PURPOSE: Physicians require information on the comparative benefits and harms of medications for optimal treatment decisions. However, this type of data is limited, especially for pediatric patients. OBJECTIVE: Our aim was to use observational data to measure and compare medication utilization patterns in a pediatric patient population. METHODS: Using pharmacy claims data from a large, national-scale insurance program in the USA, we identified all patients with a diagnosis of epilepsy treated with a first-generation antiepileptic drug (carbamazepine, ethosuximide, phenobarbital, phenytoin, or valproate) or a second-generation antiepileptic drug [carbamazepine extended release (XR), gabapentin, lamotrigine, levetiracetam, oxcarbazepine, tiagabine, topiramate, valproate XR, or zonisamide]. Treatment periods were defined on the basis of prescription fill dates and medication days supplied. Medication use was measured for individual antiepileptic drugs and for first-generation and second-generation drugs as groups. RESULTS: There were 2527 patients (54 %) who initiated therapy with first-generation antiepileptics and 2139 patients (46 %) who initiated therapy with second-generation antiepileptics. First- and second-generation drugs had the same 1-year retention rates [26 % (95 % confidence interval (CI) 24-28) and 26 % (95 % CI 25-28), respectively], and 26 % of patients (95 % CI 25-28) and 29 % of patients (95 % CI 27-31) who started on a first- or second-generation antiepileptic medication, respectively, resumed treatment with the initial drug after discontinuation. Overall, 73 % of patients (95 % CI 71-74) were treated with only one antiepileptic drug, with similar rates for patients started on first- and second-generation drugs [71 % (95 % CI 69-73) versus 74 % (95 % CI 72-76)]. CONCLUSION: Comparing drug utilization patterns in a pediatric population using observational data, we found similar rates of retention and therapeutic changes. These findings are consistent with the available comparative data and demonstrate an approach that could be extended to other drug classes and conditions in pediatric populations to examine drug effectiveness.

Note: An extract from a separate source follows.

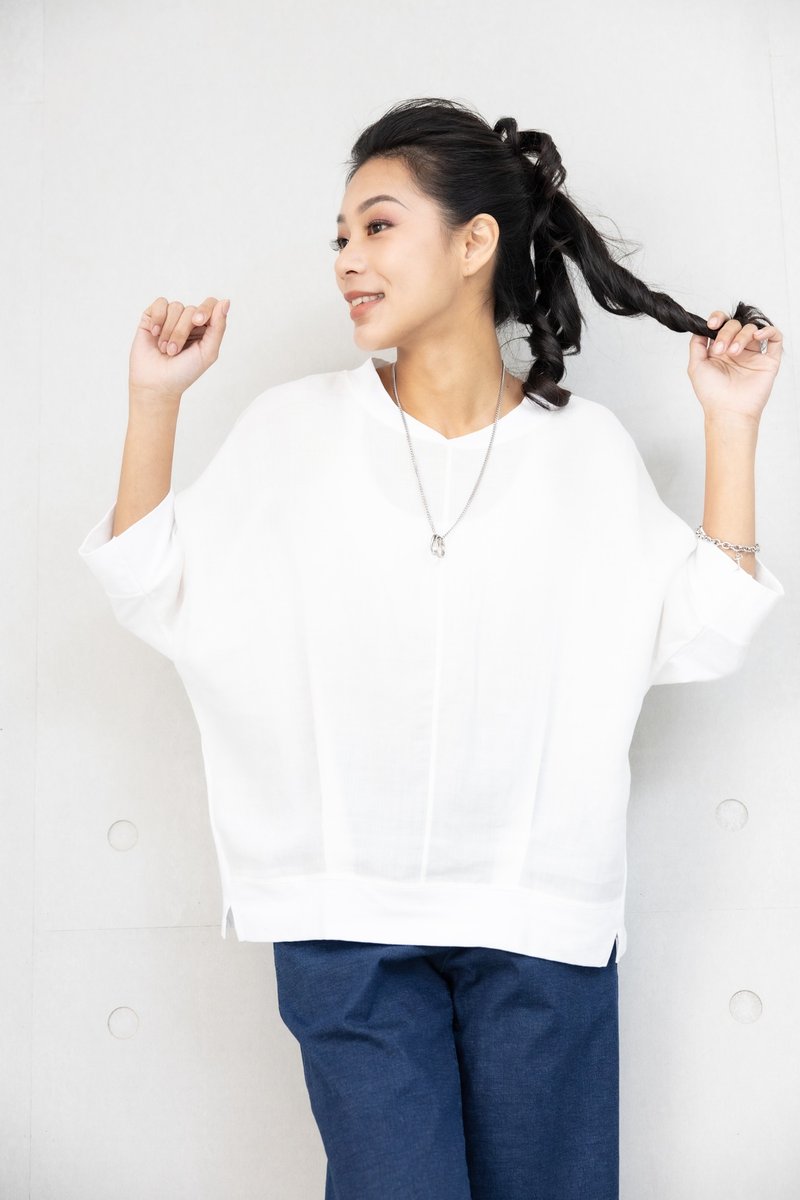 V領異材質拼接短袖上衣 白色 - 女 T 恤 - 其他材質 白色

Zhou, Y. Wang, Tsafnat, Coiera, Bourgeois, Dunn. Citations alone were enough to predict favorable conclusions in reviews of neuraminidase inhibitors. J Clin Epidemiol. 2015;68:87–93.

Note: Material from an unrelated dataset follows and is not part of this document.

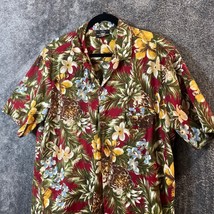 Royal Creations Hawaiian Shirt Mens Extra Large USA Floral Print Button Vintage - £13.94 GBP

OBJECTIVES: To examine the use of supervised machine learning to identify biases in evidence selection and determine if citation information can predict favorable conclusions in reviews about neuraminidase inhibitors. STUDY DESIGN AND SETTING: Reviews of neuraminidase inhibitors published during January 2005 to May 2013 were identified by searching PubMed. In a blinded evaluation, the reviews were classified as favorable if investigators agreed that they supported the use of neuraminidase inhibitors for prophylaxis or treatment of influenza. Reference lists were used to identify all unique citations to primary articles. Three classification methods were tested for their ability to predict favorable conclusions using only citation information. RESULTS: Citations to 4,574 articles were identified in 152 reviews of neuraminidase inhibitors, and 93 (61%) of these reviews were graded as favorable. Primary articles describing drug resistance were among the citations that were underrepresented in favorable reviews. The most accurate classifier predicted favorable conclusions with 96.2% accuracy, using citations to only 24 of 4,574 articles. CONCLUSION: Favorable conclusions in reviews about neuraminidase inhibitors can be predicted using only information about the articles they cite. The approach highlights how evidence exclusion shapes conclusions in reviews and provides a method to evaluate citation practices in a corpus of reviews.